A Reflection on VBA Reflection

The idea has always been floating around, and a number of feature requests had been made to support something like it.

Not to mention all the Stack Overflow questions asking how to iterate the members of a module, with answers explaining how to use the VBIDE API to achieve some level of “reflection”.

The VBIDE API works: it gives you the members of a module rather easily. But if you need anything more granular, like iterating the local variables in a given member, you’ll have to write code to manually parse that member’s code, and if you’re trying to programmatically access all references to a global variable, you’re in for lots of “fun”.

Truth is, the VBIDE API is bare-bones, and if you want to do anything remotely sophisticated with it, you basically need to write your own parser.

Rubberduck 2.0 will expose [some of] its guts to VBA clients, through COM reflection – using the ParserState API, you’ll be able to write code like this:

api1

..and leverage the richness of Rubberduck’s own API to iterate not only module members, but any declaration Rubberduck is aware of – that includes everything from modules and their members, down to variables, constants, events, Declare statements, and even line labels.
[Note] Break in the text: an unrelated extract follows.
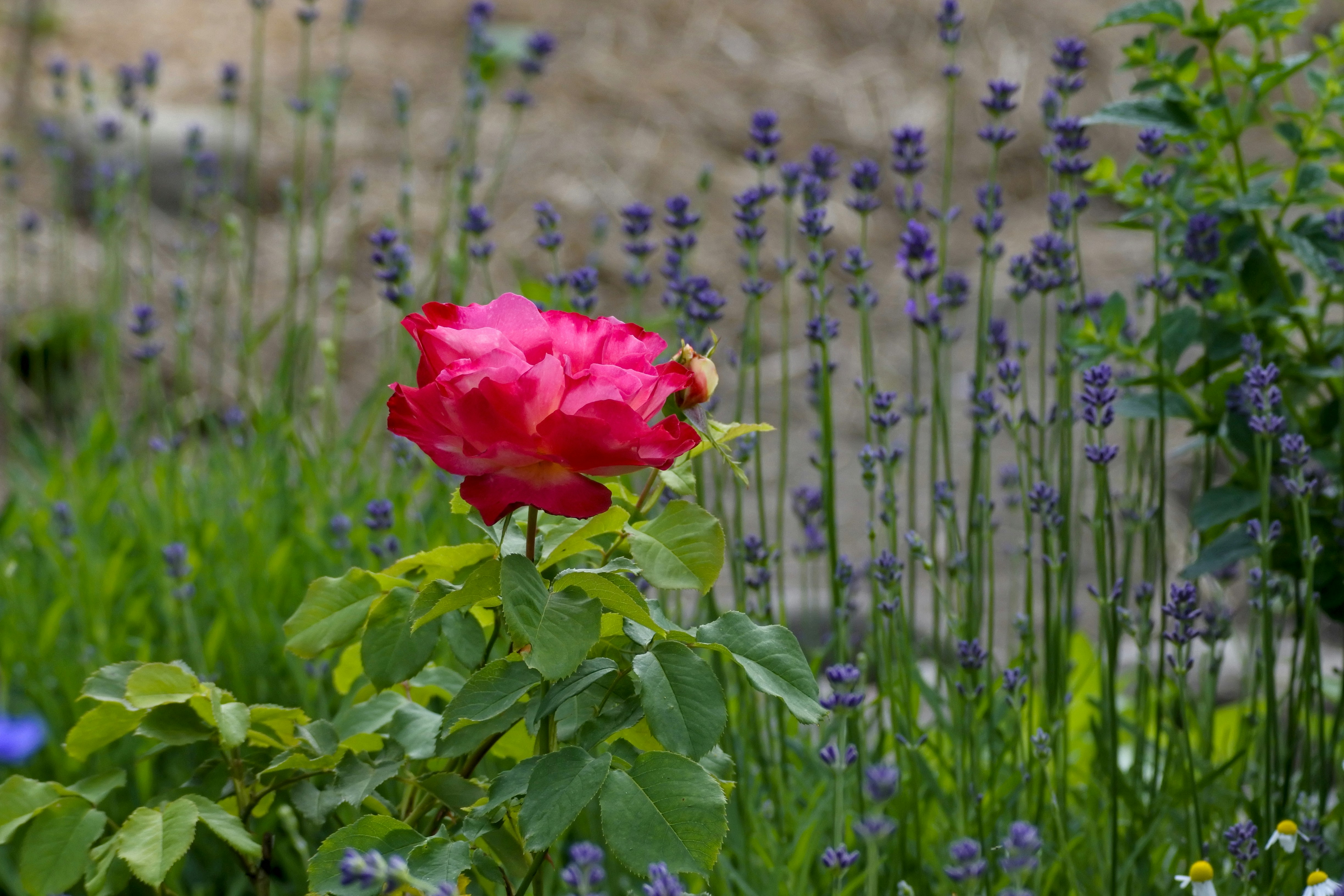 Red petaled flower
You can also iterate the references of any declaration, so in theory you could implement your own code inspections with VBA and, in conjunction with the VBIDE API, you could even implement your own refactorings

This API can easily grow TONS of features, so the initial 2.0 release will only include a minimalist, basic functionality.

One can easily imagine that this API will eventually enable surgically parsing a given specific class module, and then iterating its public properties to create form controls for each one, e.g. a Boolean property maps to a checkbox, a String property maps to a textbox, etc. – takes dynamic UI generation to a whole new level.
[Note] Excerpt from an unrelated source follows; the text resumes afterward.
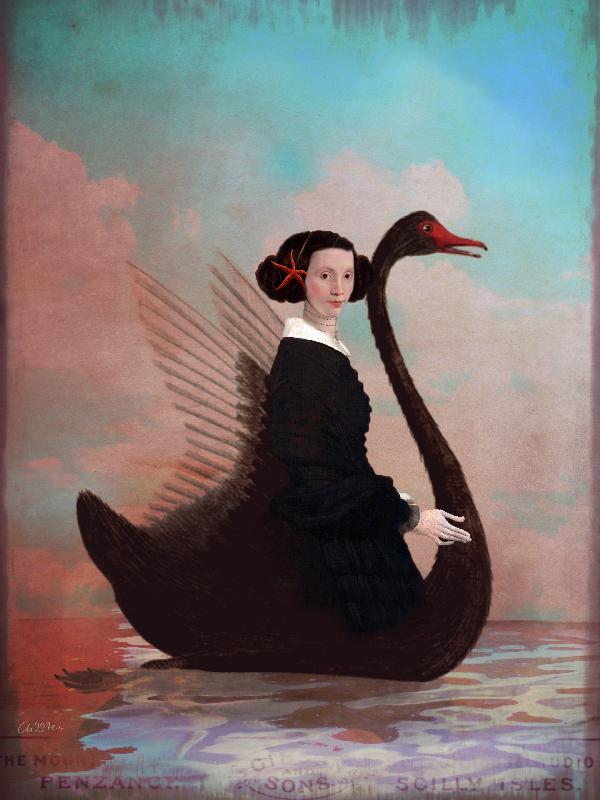 Black Swan from Catrin Welz-Stein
What will you do with that power?

IDE-Integrated Git Source Control

It was merged just yesterday. When Rubberduck 2.0 is released, VBA devs will have a new tool in their arsenal: full-fledged Git source control, seamlessly integrated into their IDE, in a dockable toolwindow:

sc-panel.PNG

Why use Source Control?

How many of you keep version and change tracking information in comments? Does this look any familiar?


'modified 2014-04-27, ticket #173

Or this perhaps?

'version 1.2
' - added CalculateRangePrices macro
' - fixed bug in SalesByCustomerReport

These things don’t belong in code, they belong in your commit history. Using source control gives you that, so you can have code files that contain, well, code.
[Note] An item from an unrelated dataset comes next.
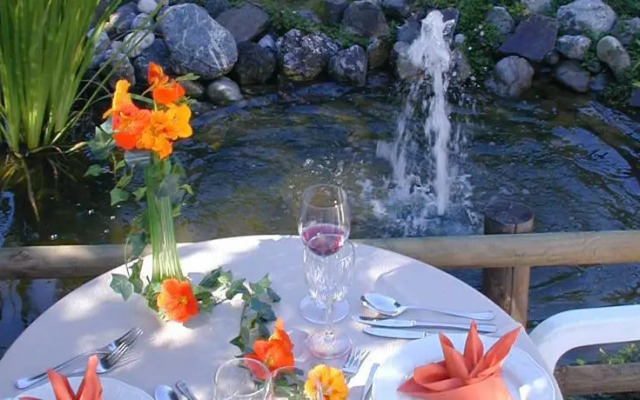 Wanderhotel Grüner Baum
Collaborative work in VBA is pretty annoying anyway – you have to manually merge changes, and import/export modules manually, if you’re not outright copy/pasting code. This is error-prone and, let’s face it, nobody does it.

With Rubberduck and your GitHub repository two clicks away, you can now work on your code even if you don’t have the macro-enabled workbook with you right now. Because Rubberduck doesn’t just dump the .xlsm file into a GitHub repo – it actually exports each individual code file (yes, including workbooks and worksheets and UserForms) into an actual working directory, so you can work in VBA just like you would in VB6.. or C#, or Java.

You can create a branch, and work on a feature while shielding your “master” branch from these changes, issue a bug-fix on “master”, merge the bug-fix into your dev branch, finalize your work, then merge your dev branch into master, and release a new version: that’s how devs work, and that’s how VBA devs can work too, even if they’re a lone wolf.

Source Control integration was issue #50 in Rubberduck’s repository (we’re now at #1219, some 3,000 commits later) – we wanted this feature all along. And we’re delivering it next release, promise.

Special thanks to @Hosch250, who worked astonishingly hard to make this happen.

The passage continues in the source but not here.